Yes, those are cartograms: in that case the shape is not arbitrary because it approximates the geography, just with the relevant quantities taken into account.

I also don’t think this is true as an unqualified statement. Consider the difference between “exactly half”, “a little bit more than half” and “a little bit less than half”, for example.

I think the claim here is that viewers will tend to be more accurate when asked to judge 1-D lengths in this way (is this 25 percent of the total? 40 percent?) than when answering the same question about 2-D areas.

24

eudoxis 08.01.07 at 5:40 pm

Pie charts suffer more from problems in angle judgements and color perception than area perception. Area perception is difficult when the shapes differ, say a square vs. a circle or maps of different countries, not so much when the areas are alike. Area may be presented with clarity in, for example, a shaded bar chart. But, graphs in newspapers are rarely forthright, why should the type of graph matter?

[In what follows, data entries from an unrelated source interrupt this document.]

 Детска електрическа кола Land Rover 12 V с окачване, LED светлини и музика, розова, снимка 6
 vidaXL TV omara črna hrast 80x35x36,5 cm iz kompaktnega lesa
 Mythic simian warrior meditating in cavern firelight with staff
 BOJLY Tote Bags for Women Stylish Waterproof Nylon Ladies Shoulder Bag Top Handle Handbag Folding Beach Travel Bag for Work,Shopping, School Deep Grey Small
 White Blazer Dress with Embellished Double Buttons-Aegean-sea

Fidelity, btw, has a mosaic type presentation of market activity that is handy. Rectangles and their size represent companies and market share while number of shares traded is presented in color saturation. Deceiving, maybe, in that it draws attention to actively traded shares, but effective as a graphical presentation, especially with hyperlinks.

25

c.l. ball 08.01.07 at 8:29 pm

While a pie chart my distort visual understanding and bar chart can be clunky, it is easier to list percentages or counts in them than in the dot/plot charts. E.g., a public opinion poll asks whether people strongly or slightly agree or disagree. If the percentages are in the pie wedge (e.g.,38%) it is easier to graphically and numerically see whether more agree or disagree in general with a pie or bar than with a dot chart.

26

leederick 08.01.07 at 8:56 pm

These pixel-clumps have other advantages over pie charts: they make better use of space – as in there’s more diagram to blank page – and straight lines look better than curves when pixelated.

Labelling is likely easier too. And I suppose they’re easier to knock together than pie charts when you’re working to a deadline in Paintshop Pro, which is probably why they’re turning up.

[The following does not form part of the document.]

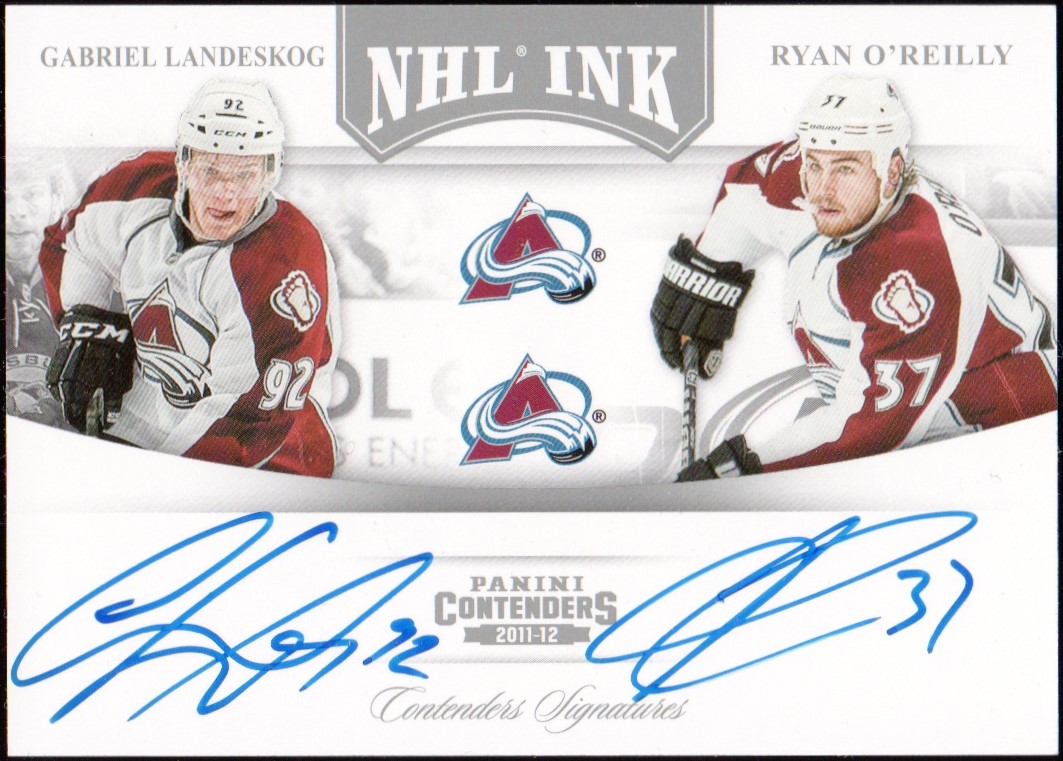 2011-12 Panini Contenders NHL Ink Duals #14 Gabriel Landeskog (image for) 2011-12 Panini Contenders NHL Ink Duals #14 Gabriel Landeskog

I’m not sure Kieran’s points about arbitraryness is all that strong. The layout of the subcomponents a pie-chart is arbitrary. The layout of cartograms is arbitrary: there’s isn’t a unique approximation to geography.

You have a lot more options with these things, but that doesn’t mean your choice is going to be arbitrary. The data aren’t unidimensional. Some categories are more similar than others, and you can represent that by their locations in 2D space. Basically making them cartograms in category space rather than geographical space. With pie charts and stacked bars you can only do this in 1D space.

27

Nick Caldwell 08.02.07 at 9:48 am

Wow, I sure hope New York Times graphics staff have something better to hand than Paintshop Pro!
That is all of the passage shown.